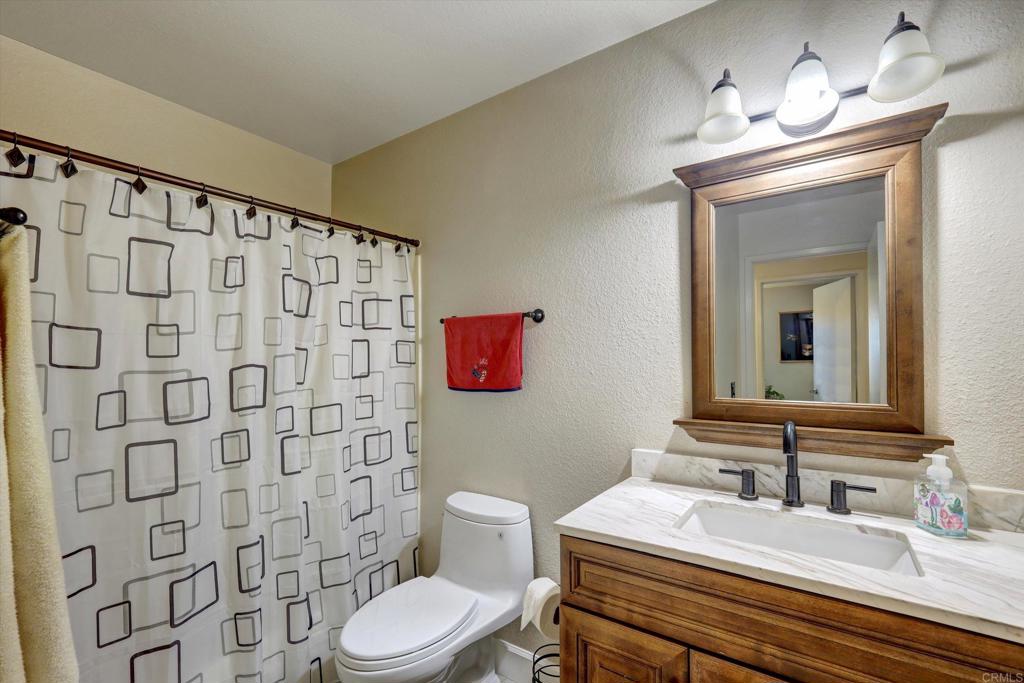 108 Blue Ash Court Encinitas, CA 92024 - Photo 13 of 35 a bathroom with a sink toilet and shower
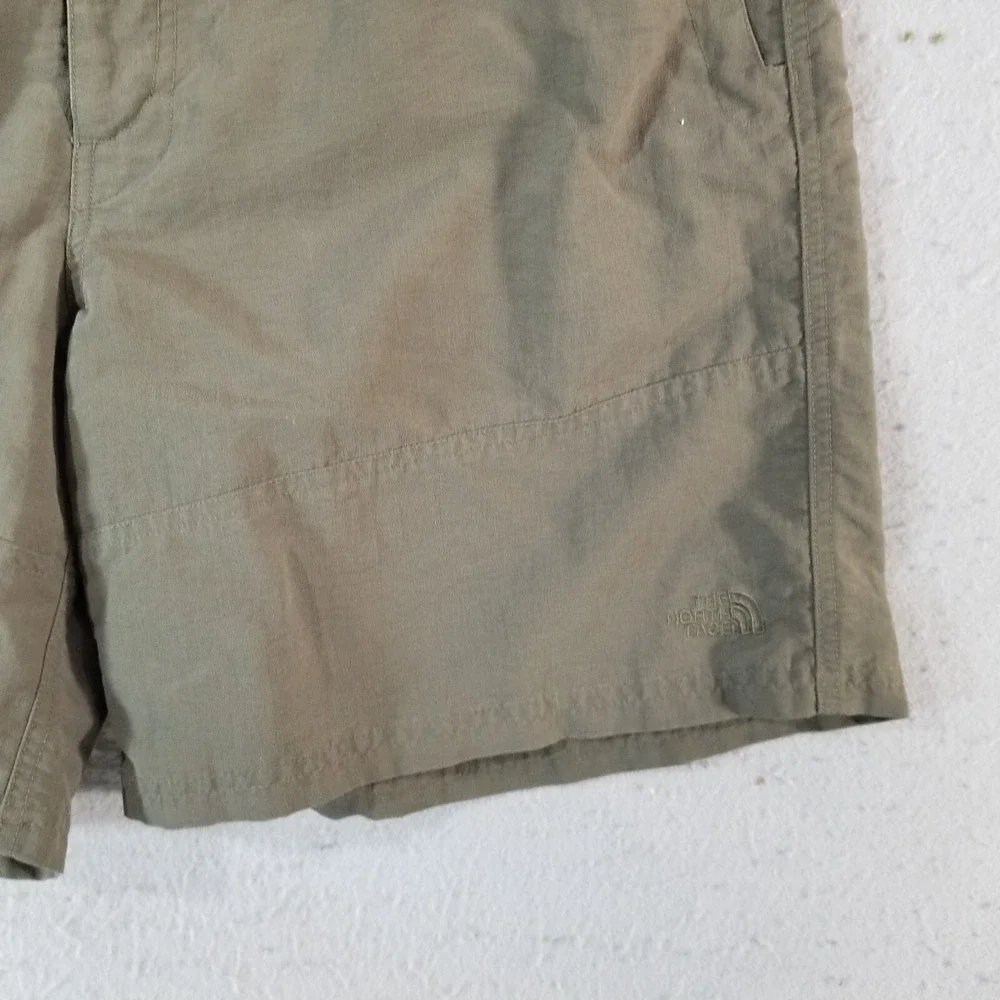 The North Face hiking shorts men's 38x8 khaki green outdoor security pocket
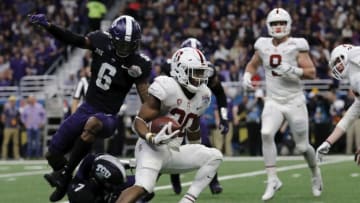 SAN ANTONIO, TX - DECEMBER 28: Bryce Love #20 of the Stanford Cardinal runs past Innis Gaines #6 of the TCU Horned Frogs and Arico Evans #7 in the second quarter during the Valero Alamo Bowl at the Alamodome on December 28, 2017 in San Antonio, Texas. (Photo by Tim Warner/Getty Images)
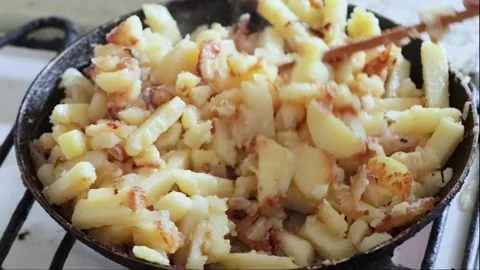 Potatoes are fried in a pan 2 Stock Footage 249174225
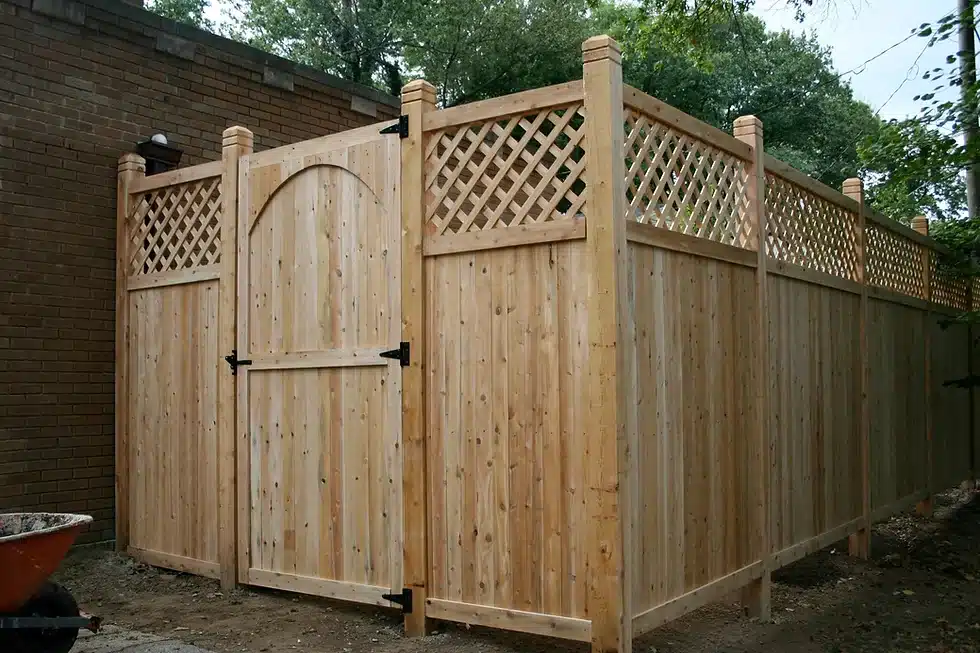 Custom cedar privacy fence with lattice top around Indianapolis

•••••

_REQUIRED ACTION_:
Skipping every picture, reproduce the records word for word.

_RESULT BELOW_:
 108 Blue Ash Court Encinitas, CA 92024 - Photo 13 of 35 a bathroom with a sink toilet and shower
 The North Face hiking shorts men's 38x8 khaki green outdoor security pocket
 SAN ANTONIO, TX - DECEMBER 28: Bryce Love #20 of the Stanford Cardinal runs past Innis Gaines #6 of the TCU Horned Frogs and Arico Evans #7 in the second quarter during the Valero Alamo Bowl at the Alamodome on December 28, 2017 in San Antonio, Texas. (Photo by Tim Warner/Getty Images)
 Potatoes are fried in a pan 2 Stock Footage 249174225
 Custom cedar privacy fence with lattice top around Indianapolis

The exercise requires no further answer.